Directions. Two lines below mark the span: the one containing "Ajd 18.5 Inch" and the one containing "Trendy Merry Christmas". Set down both, plus every line between, exactly as they stand, and nothing else.

Available data.
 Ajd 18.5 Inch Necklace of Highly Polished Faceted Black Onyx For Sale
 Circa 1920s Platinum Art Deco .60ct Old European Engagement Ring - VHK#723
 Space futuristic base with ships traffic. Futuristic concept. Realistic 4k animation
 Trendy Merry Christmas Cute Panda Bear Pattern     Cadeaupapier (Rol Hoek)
* * *
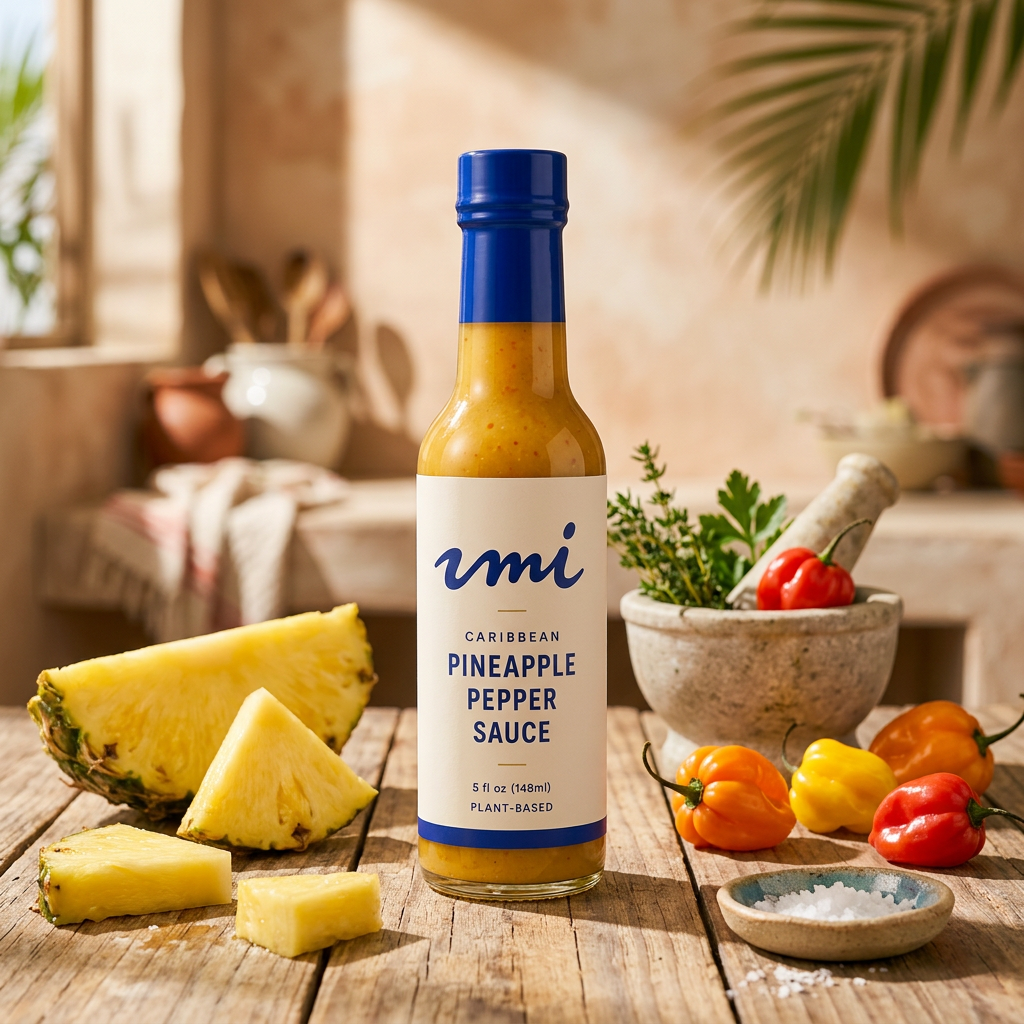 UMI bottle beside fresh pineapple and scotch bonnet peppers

Your solution.
 Ajd 18.5 Inch Necklace of Highly Polished Faceted Black Onyx For Sale
 Circa 1920s Platinum Art Deco .60ct Old European Engagement Ring - VHK#723
 Space futuristic base with ships traffic. Futuristic concept. Realistic 4k animation
 Trendy Merry Christmas Cute Panda Bear Pattern     Cadeaupapier (Rol Hoek)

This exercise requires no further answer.